Building on its strategy of taking .NET open-source and cross-platform, Microsoft this week improved the platform by delivering .NET Core Release Candidate 2, which features several enhancements over the previous release. Microsoft also released ASP.NET Core RC2.
Developers can use .NET Core RC2 to build ASP.NET Core, console apps and class libraries for Windows, Mac OS X and Linux.
"RC2 is a major update from the November RC1 release, including new APIs, performance and reliability improvements and a new set of tools," said Rich Lander, a Microsoft program manager, in a blog post on the new release.

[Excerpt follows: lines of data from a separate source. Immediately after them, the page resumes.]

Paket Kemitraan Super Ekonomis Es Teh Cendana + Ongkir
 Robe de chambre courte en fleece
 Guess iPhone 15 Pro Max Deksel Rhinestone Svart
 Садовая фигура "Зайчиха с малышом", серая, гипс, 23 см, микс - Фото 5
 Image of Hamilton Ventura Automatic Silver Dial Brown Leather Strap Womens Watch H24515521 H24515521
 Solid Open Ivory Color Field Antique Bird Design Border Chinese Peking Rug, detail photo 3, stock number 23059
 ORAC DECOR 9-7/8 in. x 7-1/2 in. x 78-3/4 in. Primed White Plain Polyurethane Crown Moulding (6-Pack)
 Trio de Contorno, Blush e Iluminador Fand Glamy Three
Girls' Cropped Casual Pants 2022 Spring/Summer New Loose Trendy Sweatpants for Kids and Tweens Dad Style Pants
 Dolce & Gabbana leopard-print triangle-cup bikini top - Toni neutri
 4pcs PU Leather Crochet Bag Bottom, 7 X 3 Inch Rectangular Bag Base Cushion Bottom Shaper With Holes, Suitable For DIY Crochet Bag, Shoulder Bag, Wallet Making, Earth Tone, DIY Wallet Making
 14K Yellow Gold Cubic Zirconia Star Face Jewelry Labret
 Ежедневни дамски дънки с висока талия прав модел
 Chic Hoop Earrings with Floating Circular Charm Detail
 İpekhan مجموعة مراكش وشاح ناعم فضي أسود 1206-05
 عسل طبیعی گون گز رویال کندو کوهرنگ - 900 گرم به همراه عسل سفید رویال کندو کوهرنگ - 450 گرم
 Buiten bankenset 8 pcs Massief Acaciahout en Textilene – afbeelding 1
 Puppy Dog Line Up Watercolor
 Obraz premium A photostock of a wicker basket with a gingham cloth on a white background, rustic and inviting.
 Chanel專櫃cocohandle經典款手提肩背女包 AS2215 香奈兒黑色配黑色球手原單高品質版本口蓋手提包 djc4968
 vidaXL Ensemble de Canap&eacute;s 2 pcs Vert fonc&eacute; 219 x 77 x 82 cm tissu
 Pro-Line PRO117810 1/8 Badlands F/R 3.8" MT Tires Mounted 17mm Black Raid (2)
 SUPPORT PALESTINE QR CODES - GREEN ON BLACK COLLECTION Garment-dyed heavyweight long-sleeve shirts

.NET Core RC2 can be used with a variety of editors and integrated development environments, including Visual Studio 2015 Update 2, Visual Studio Code with the C# extension and soon on OmniSharp-enabled editors.
"We made major changes to the .NET Core SDK, formerly called DNX, since RC1," Lander said. "These changes were fairly significant, and we plan to make additional changes before the final release of the SDK. As a result, we opted to call the SDK a preview release."
Developers can install .NET Core SDK 1.0 Preview now—including .NET Core RC2, on Windows, OS X and Linux. They also can use it with Docker.
"When Microsoft open sourced the .NET Framework in 2014 and released runtimes for Linux in November last year, we knew interesting things were going to happen," said Mano Marks, director of developer relations at Docker, in a blog post. "Microsoft announced the second Release Candidate for .NET Core CLR. To celebrate, we took a look at using .NET Core with Docker and also released the new version of Visual Studio Tools for Docker. Turns out Microsoft is doing some interesting stuff."
Marks said Visual Studio Tools for Docker allows you to easily add Docker support for a project you're working on in Visual Studio.
"This allows you to CTRL-F5 to run your Docker app directly in Visual Studio," he said. "What the new version offers that's pretty awesome is breakpoint debugging. That's right, you get breakpoint debugging from Visual Studio with your code running in a container."
Both .NET Core and ASP.NET Core have improved significantly since RC1, with improved performance and reliability. .NET Core RC2 is a "Go Live" release, which means you can use it in production and Microsoft will provide support.
.NET Core is supported on Windows, OS X and Linux, including Red Hat Enterprise Linux 7.2, Centos 7.1, Debian 8.2 and above, Ubuntu 14.04, Linux Mint 17 and above, OS X 10.11, Windows 7 and above, Windows Server 2012 R2 and above, and Windows Nano Server TP5.
Microsoft added more than 1,000 new APIs in .NET Core RC2, Lander said. The company also made major improvements to the just-in-time (JIT) compiler, including upgraded garbage collection, a new .NET Standard Library and new telemetry tools to collect usage information about the .NET Core Tools.
The new ASP.NET release features the rebranding of ASP.NET 5 to ASP.NET Core, said Jeff Fritz, program manager for the .NET Developer Outreach Team, in a blog post. "This renaming was made in order to clarify that this is a new framework built from the ground up and not a revision of the existing ASP.NET frameworks."
A key change that occurred between RC1 and RC2 is the introduction of the .NET command-line interface, he said.
Microsoft also announced updated Web development tools. The ASP.NET Core Tooling Preview release supports the .NET Core RC2 and ASP.NET Core RC2 releases.
"With this release, we're splitting the delivery of the Visual Studio tools from the ASP.NET Core and .NET Core runtime and libraries," Fritz said. "Those frameworks are almost ready for RTM, and we are working on delivering the advanced capabilities for building and managing applications built with these new tools."